Hacker News new | ask | show | jobs
by djhworld 2906 days ago
I remember a few years ago we tried to implement a scheduled Lambda that needed to download a bunch of files from an S3 prefix, perform some aggregation on the data and then write the result to a database.

Our EC2 prototype of this on one of the m3 class instances could do the work in about 2 minutes which seemed a perfect opportunity to port to Lambda.

Even on the top memory instance at the time (1536mb), the job just couldn't finish, timing out after 5 minutes. The code was multi threaded, to parallelise the downloads, but not matter how much we tweaked this the Lambda would just never complete in time.

As you don't have visibility of the internal we didn't know whether this was due to CPU constraints (decompressing lots of GZIP streams), network saturation (downloading files from S3) or what.

In the end we gave up. Didn't have the time or resource to keep digging, and just pinned the problem on the use case we were trying to fit was against what Lamba is designed for

Not saying this is an indictment of Lambda, we use it in lots of places, with a lot of critical path code (ETL Pipelines).

3 comments

We’ve found lambda’s x-ray feature to be very helpful wrt finding the source of slowdowns. I know it wasn’t available during the project you were writing about but wanted to mention it for others.
I thought the use case for things like Lambda were more along the lines of rarely used web requests that you'd save money on by not running a full box. I do remember them being slow too.
Nah, I think the scope is wider then that.

In my case we use lambda to perform ETL based on S3 events, so when a file drops into S3, Lambda is invoked to process it.

That works very well for us and is cheaper than running a box 24x7, as the file drops arrive sprodically throughout the day and Lambda can scale to meet the demand.

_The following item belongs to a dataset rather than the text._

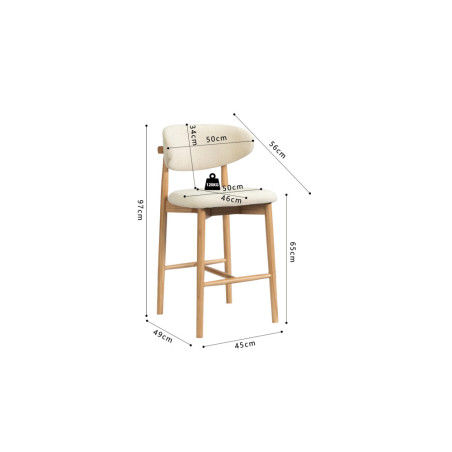 CAPELINE, chaise de comptoir hauteur 97 cm - bois massif et tissu - 2 coloris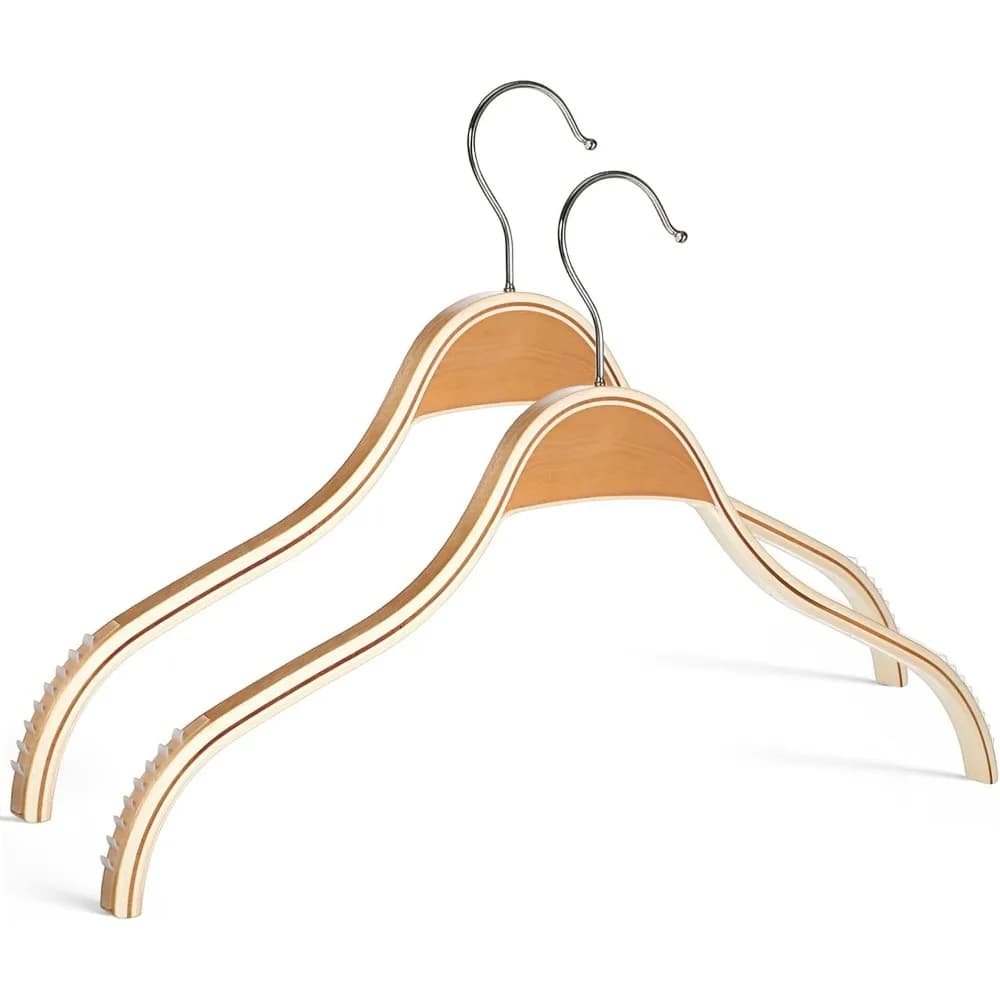 14.5 Inch Natural Beechwood Hangers with Non-Slip Design for Clothes, Enhancing Closet Organization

If your job is easily parallelizable then you can run multiple lambdas in parallel. For the above use case they probably should have kicked off one lambda per prefix or similar.
That's exactly what we were doing. 1 Lambda to download and aggregate all files under a prefix.

The problem was the task just couldn't complete in < 5 minutes.

You have to fan out further then, process each file separately and aggregate the aggregates, using SQS or something else to queue up the processing.

Azure's Durable Functions have an advantage here in making extreme fan-out situations easy.

We considered it, but at the time we just felt implementing map/reduce over Lambda would just introduce a more complex architecture for such a simple problem.

Maybe the recently introduced SQS->Lambda support might make it a bit cleaner, but in the end we opted for EC2.

This is a fight I currently have with our dev-team atm. Situational awareness is a real concern, especially if the code is misbehaving in productive loads. If a solution doesn't give us situational awareness if things go wrong, I object to that solution.